Samuel van Houten (17 February 1837 – 14 October 1930) was a Dutch liberal politician, who served as Minister of the Interior from 1894 to 1897.
Van Houten was born in Groningen into a wealthy Mennonite family.His parents were Derk van Houten, a timber merchant and local politician, and his wife Barbara Elizabeth Meihuizen. After attending a Latin school from 1849 to 1854, he studied Law at the University of Groningen, obtaining a degree in 1859. He then worked as a lawyer. He quickly became involved in the city's politics, getting elected to the municipal council in 1864 and becoming one of the city's aldermen in 1867. About this time Van Houten left the Mennonite Church and became an agnostic.
In 1869, van Houten was first elected to the House of Representatives for the electoral district Groningen. In the House of Representatives, Van Houten quickly established himself as an independent liberal, not reluctant to criticise the Thorbeckian liberal establishment. He denounced what he saw as a centralist tendency in the ideology of their leader, Johan Rudolph Thorbecke, jokingly referring to the latter's views as Bonapartism in 1872. Van Houten, in contrast, adhered to the belief that the historical development of different sectors of society should be respected, in this sense sharing semblance to Abraham Kuyper's theory of sphere sovereignty. This belief led him to take a different position on the issue of the school struggle than most of his fellow liberals.In 1887, he was one of only seven liberals to vote to allow for the equal funding of confessional schools.
Van Houten adhered to the principle of autonomy regarding the individual as well. On the issue of social policy, he believed government intervention was necessary to eliminate barriers to development of the individual so as to create equality of opportunity and thus to promote individual liberty. In this spirit, Van Houten introduced a bill that forbade child labour for children younger than 12 years. This bill, nicknamed the Kinderwetje van Van Houten, became the first social law of the Netherlands in 1874.Nonetheless, van Houten who started out as very progressive gradually became more conservative and opposed further social laws and any egalitarianism by the state. On individual issues, he continued to sponsor progressive causes, writing about feminism, prostitution and birth control. He was president of a Neo-Malthusian society in 1888.
While initially supportive of expansion of suffrage, Van Houten gradually became more conservative on the issue over time, fearing that an enfranchised proletariat would threaten the social balance. His opposition to Johannes Tak van Poortvliet's proposal to extend suffrage to all men except beggars and servants led him to lose re-election in the progressive district of Groningen in the general election of 1894. He was defeated by the Takkian liberal Hendrik Lodewijk Drucker.

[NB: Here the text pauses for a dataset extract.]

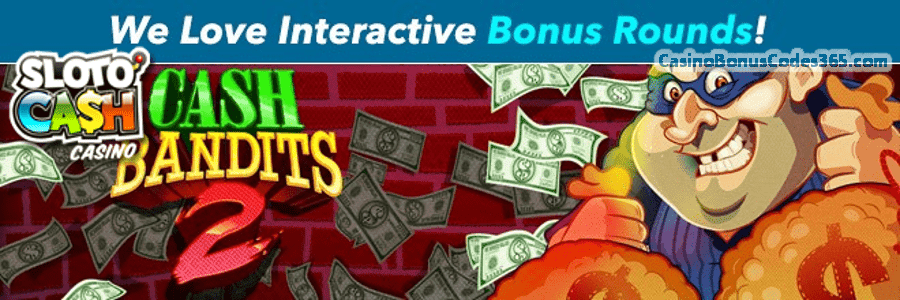 SlotoCash Casino Interactive Bonus Rounds 225% Daily Match plus 50 FREE Spins February Promo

While Van Houten lost his seat in 1894, the anti-Takkians won the general election, after which Joan Röell was asked to form a government. In this conservative liberal government, which was installed on 9 May 1894, Van Houten succeeded Tak van Poortvliet as Minister of the Interior. As such, he was responsible for preparing a new Election Act. While more modest than Tak van Poortvliet's previous proposal, Van Houten's bill still doubled the electorate to roughly half the male adult population, a figure that would gradually rise to 68% in 1913.Aside from the suffrage issue, Van Houten introduced a bill that gave municipalities more financial support. He also allowed for the territorial expansion or large municipalities, such as Rotterdam in 1894 and Amsterdam and Leiden in 1896, necessitated by urbanisation.

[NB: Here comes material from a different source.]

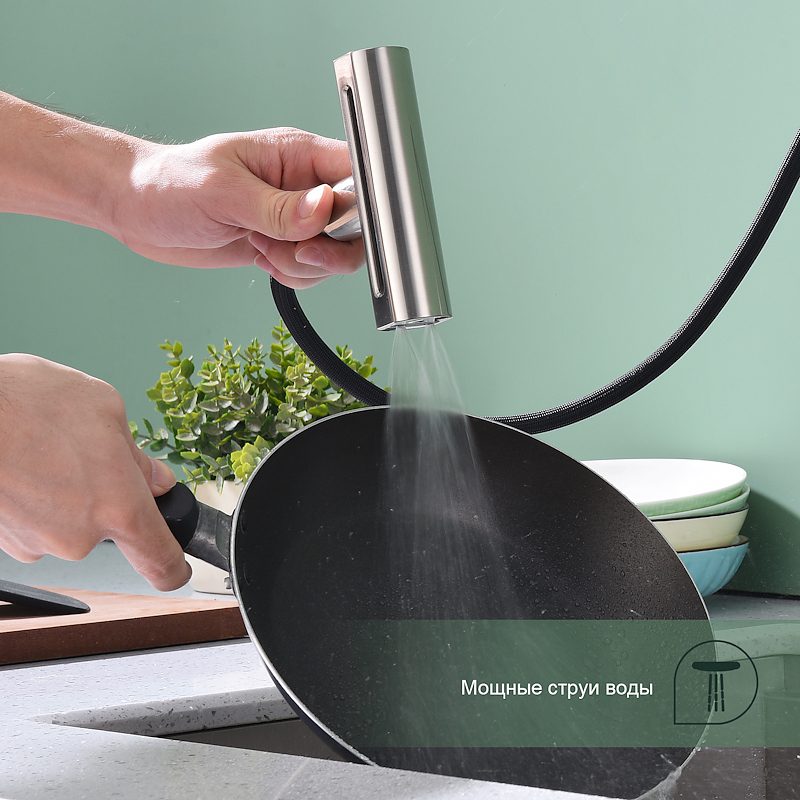 Смеситель для кухни с выдвижным изливом Splenka S206.49.05, сатин — изображение 10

Van Houten's ministership lasted until 27 July 1897, when he was succeeded by Hendrik Goeman Borgesius. Although he was not re-elected to the House of Representatives, he sat in the Senate for Friesland between 1904 and 1907. He strongly opposed the government of Abraham Kuyper, but also criticised liberal policy; his voting behaviour led some fellow liberals to call him an "honorary member of the right".Critical of the new electoral system and the expansion of government, the 85-year old Van Houten founded the short-lived Liberal Party in 1922 and became its lijsttrekker in the general election in that year. The party won one seat, but Van Houten chose not to accept it, allowing instead Lizzy van Dorp to take the seat.
Van Houten married Elisabeth van Konijnenburg on 29 June 1861, and the couple had five daughters and two sons. She died on 16 June 1872, after which Van Houten remarried Hermine Leendertz on 3 June 1873. With her, Van Houten had another five daughters and two sons. He had three well known grandsons. One was Hans van Houten, State Secretary for Foreign Affairs in The Netherlands between 1959 and 1963.Also, through his daughter Sina, her two sons, Sir Frederick William Leith Ross, who was chief economic advisor to the UK government from 1932-1945 and Harry Leith Ross, who was a well-known artist who lived and worked in the US.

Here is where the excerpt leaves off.